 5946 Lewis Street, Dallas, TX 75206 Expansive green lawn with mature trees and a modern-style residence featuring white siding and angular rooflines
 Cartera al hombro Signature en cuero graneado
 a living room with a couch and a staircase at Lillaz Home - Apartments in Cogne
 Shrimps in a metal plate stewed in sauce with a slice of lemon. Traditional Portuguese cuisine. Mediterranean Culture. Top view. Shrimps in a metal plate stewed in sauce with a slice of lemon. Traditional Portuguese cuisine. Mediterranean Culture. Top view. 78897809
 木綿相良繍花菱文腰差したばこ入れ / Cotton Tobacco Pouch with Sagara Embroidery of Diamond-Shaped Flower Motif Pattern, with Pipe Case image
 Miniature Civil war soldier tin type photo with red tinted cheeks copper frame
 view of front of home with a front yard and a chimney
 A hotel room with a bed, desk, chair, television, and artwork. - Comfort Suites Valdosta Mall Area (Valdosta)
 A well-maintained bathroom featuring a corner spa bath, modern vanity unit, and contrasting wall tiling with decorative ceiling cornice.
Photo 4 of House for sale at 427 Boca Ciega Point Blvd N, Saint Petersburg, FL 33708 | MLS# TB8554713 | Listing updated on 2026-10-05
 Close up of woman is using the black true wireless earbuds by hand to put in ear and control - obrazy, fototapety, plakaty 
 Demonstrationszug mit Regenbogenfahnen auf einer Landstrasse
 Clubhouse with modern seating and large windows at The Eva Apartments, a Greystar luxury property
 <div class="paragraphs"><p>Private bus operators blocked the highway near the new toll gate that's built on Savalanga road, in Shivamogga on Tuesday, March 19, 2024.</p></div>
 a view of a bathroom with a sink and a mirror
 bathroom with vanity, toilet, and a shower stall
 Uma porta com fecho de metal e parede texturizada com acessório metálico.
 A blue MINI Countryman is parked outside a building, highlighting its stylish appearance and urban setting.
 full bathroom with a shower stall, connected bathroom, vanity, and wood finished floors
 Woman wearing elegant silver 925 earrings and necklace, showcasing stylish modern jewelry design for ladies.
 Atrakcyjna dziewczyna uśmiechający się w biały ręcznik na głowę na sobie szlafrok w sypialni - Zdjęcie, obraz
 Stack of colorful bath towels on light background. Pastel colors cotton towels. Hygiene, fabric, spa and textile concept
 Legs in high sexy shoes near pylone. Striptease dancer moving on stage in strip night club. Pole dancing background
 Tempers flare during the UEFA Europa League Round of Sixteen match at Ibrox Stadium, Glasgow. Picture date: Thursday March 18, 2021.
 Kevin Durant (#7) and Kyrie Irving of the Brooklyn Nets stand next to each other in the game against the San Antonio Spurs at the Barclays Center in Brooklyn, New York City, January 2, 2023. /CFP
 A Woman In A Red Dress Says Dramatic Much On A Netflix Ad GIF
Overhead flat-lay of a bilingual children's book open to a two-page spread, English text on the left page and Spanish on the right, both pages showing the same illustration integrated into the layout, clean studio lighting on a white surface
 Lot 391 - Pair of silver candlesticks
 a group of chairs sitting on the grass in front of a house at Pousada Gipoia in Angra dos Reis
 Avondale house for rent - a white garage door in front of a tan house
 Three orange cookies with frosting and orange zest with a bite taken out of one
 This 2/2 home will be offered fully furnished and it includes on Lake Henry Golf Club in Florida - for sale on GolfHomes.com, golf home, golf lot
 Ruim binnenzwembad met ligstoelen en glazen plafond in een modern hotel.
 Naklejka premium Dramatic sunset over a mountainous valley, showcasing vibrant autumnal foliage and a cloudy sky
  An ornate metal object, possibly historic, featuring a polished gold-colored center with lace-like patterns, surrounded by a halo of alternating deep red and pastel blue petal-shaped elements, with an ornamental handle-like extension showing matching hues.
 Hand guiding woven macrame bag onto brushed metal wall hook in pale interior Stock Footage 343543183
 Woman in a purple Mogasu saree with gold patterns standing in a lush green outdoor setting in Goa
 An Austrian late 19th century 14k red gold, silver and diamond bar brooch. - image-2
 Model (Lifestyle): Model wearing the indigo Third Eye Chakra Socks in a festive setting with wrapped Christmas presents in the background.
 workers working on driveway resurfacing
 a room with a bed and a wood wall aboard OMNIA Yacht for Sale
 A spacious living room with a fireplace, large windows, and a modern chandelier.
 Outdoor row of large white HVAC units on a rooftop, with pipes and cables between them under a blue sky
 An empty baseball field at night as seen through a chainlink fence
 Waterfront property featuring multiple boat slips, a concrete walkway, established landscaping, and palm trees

# YOUR INSTRUCTIONS
The required answer is each line of the data in which the word "living" appears.

# OUTPUT
 a living room with a couch and a staircase at Lillaz Home - Apartments in Cogne
 A spacious living room with a fireplace, large windows, and a modern chandelier.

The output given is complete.